Malgré les conseils répétés de son ami Raymond de se tenir à l’écart de la bande de voyous, dont il fait lui-même partie, et qui gravitent autour de leur chef Félix Leca, Manda accepte de se battre en duel pour Marie et tue Roland.
Leca ne voit pas d’un bon œil la liaison entre Manda et Casque d’Or, qui filent le parfait amour à la campagne, alors qu’il espérait conquérir Marie. Il imagine alors un piège : faire accuser Raymond du crime commis par Manda, afin que ce dernier se rende lui-même à la police. Le piège fonctionne et Manda se dénonce, mais Raymond n’est pas libéré pour autant, accusé de complicité de meurtre.

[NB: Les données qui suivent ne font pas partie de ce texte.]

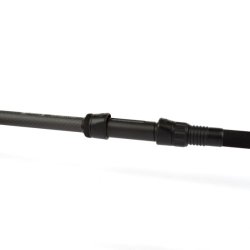 Shimano Wędka TX-2A Carp Intensity 3,96m 13\'0" 3,50+lb 2pc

Alors que Marie organise l’évasion de Manda et de son ami lors de leur transfert en prison, Raymond meurt sous les balles des policiers. Manda comprend que Leca a trahi Raymond et que Marie est devenue sa maîtresse, pour tenter de le sauver.
Fou de rage, il part à la recherche de Leca, et l’abat de plusieurs balles de révolver. Il est arrêté sans résistance, condamné et guillotiné tôt au petit matin, sous les yeux de son amante épouvantée.
Pourtant, Jacques Becker réussit à effacer l’issue tragique de cet amour, grâce à la dernière scène du film : Manda et Casque d’Or dansent leur première valse dans la ginguette où ils se sont rencontrés, seuls au monde dans ce tourbillon amoureux.
Cette ultime image fixée sur la pellicule donne le ton de cette narration, où les corps sont filmés, comme des tableaux de peinture expressionniste de la fin du XIXième siècle.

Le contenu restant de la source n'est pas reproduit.